Cette première mise en bouche plus qu’encourageante nous permettait de nous projeter sur un futur radieux concernant le label grâce à des prestations intéressantes de la plupart de ses membres. Depuis ce projet collaboratif, outre la signature de SoFaygo en 2021 ainsi que le blockbuster UTOPIA sorti en 2023, on retient surtout une énorme activité créative de la part de Don Toliver qui est devenu au fil du temps le bras droit de Travis Scott.
Un changement de statut qui s’explique notamment par des albums assez solides (Heaven Or Hell, Life of a DON, Love Sick, HARDSTONE PSYCHO) pour constituer une fanbase fidèle et gonfler l’image Cactus Jack. Tous ces arguments sont donc le moteur d’un JACKBOYS 2 annoncé en grandes pompes par le rappeur. La suite en vaut-elle la peine six ans plus tard ?
Le rodéo des productions
Un album de Travis Scott, c’est avant tout la présence de producteurs figurant dans le haut du panier. Ça tombe bien puisque ce projet ne déroge pas à la règle : Anthony Kilhoffer, Southside, Vegyn, Johnny Juliano, Jahaan Sweet, F1lthy, Cardo, OZ, T-Minus ou encore Tay Keith encadrent la plupart de l’album. Avec un tel casting, La Flame s’inscrit dans la pleine continuité de sa ligne de conduite artistique qui s’articule avant tout sur l’emphase de l’enrobage sonore se voulant immersif, cinématographique, sombre et énergique de prime abord.
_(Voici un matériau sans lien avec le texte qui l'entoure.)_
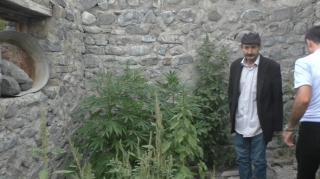 Qaxda evinin həyətində narkotik becərən şəxs saxlanılıb  - FOTO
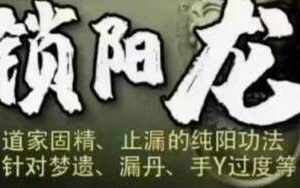 手Y过度必看-姜书洋《锁阳龙》道家固精早泄功法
Ce décorum musical qui lui a valu pléthore de compliments sur sa façon de rafraîchir la trap il y a quelques années (DAYS BEFORE RODEO ou Rodeo) se retrouve ici entaché par des standards non rencontrés. En effet, l’expérience musicale qui nous est souvent promise est reléguée au second plan puisque nous avons majoritairement affaire à des compositions assez unidimensionnelles, parfois fades qui n’apportent aucune plus value à l’esthétique caverneuse de Cactus Jack.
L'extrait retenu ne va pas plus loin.